To recap, in 2013, Ben Grubb, then a technology reporter with Fairfax Media, had asked Telstra for access to the metadata that the telco was retaining about him, and that it would hand over to government agencies if they so requested.
His request was knocked back by Telstra's privacy department.
Grubb then complained to the Australian Privacy Commissioner Timothy Pilgrim. He obtained a favourable ruling, with Pilgrim deciding that the telco had interfered with his privacy by refusing to hand over the metadata.
Telstra appealed this decision to the Administrative Appeals Tribunal and won. Pilgrim then took it to the Federal Court where the verdict went in favour of Telstra.
The case came to hinge on whether the information Grubb was seeking was about him, or about the service that Telstra was delivering to him.
The telco had refused to hand over IP addresses, URLs visited, locations of mobile towers used, and inbound call data, as it said this did not fall under personal information.
One simple question that was not asked is: who is generating the data? If an individual does not voluntarily connect their phone or other digital device to a website, how is metadata generated? Certainly not by the ISP in question.
Any data that is logged is an effect of a request made by a device. And such requests are generated by human beings.

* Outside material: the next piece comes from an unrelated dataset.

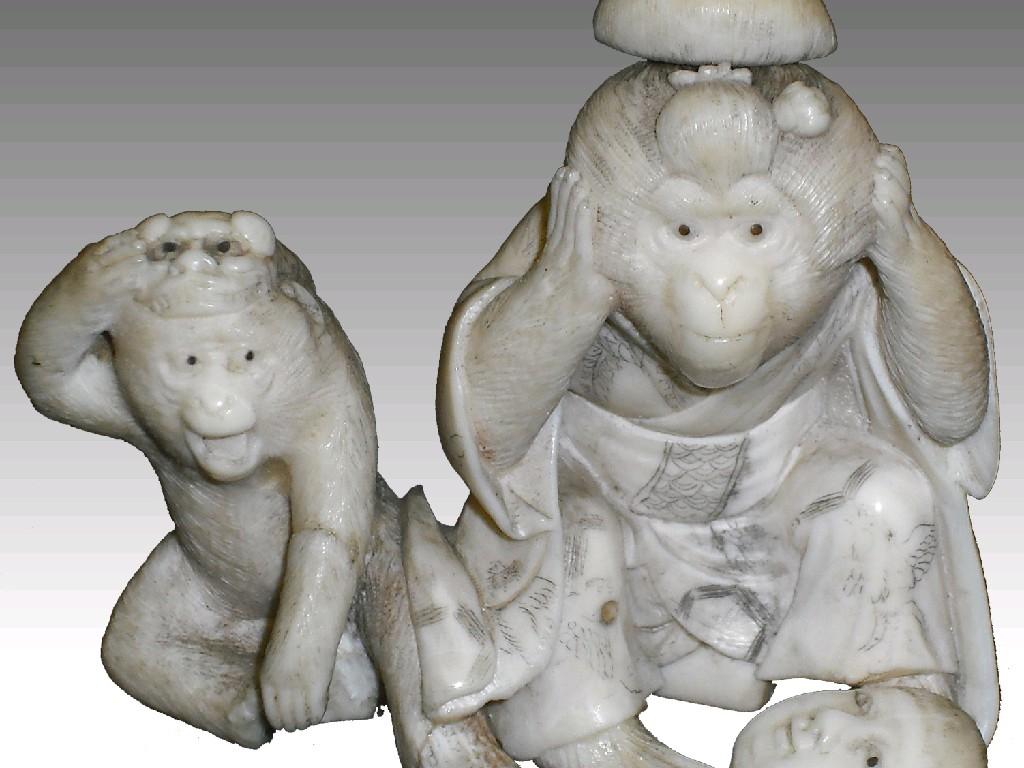 Appraisal: Japanese ivory netsuke of two monkeys one with a Noh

A demonstration of this is simple: all one has to do is open a log file for the web server Apache and then access a website from one of the clients connecting to the server in question; the data can be seen as it is generated. If no website is accessed, the Apache does not write anything to its log files.
Of course, on a network there are numerous requests made by connected devices that are not human-generated; connected devices often send out requests to confirm basic connectivity data or there may be requests sent out by installed apps (especially on mobile devices) that the user in question has agreed to when he/she installed said apps.
Of course, there are malicious apps that secretly send out requests and information – but this information was not sought by Grubb in this case.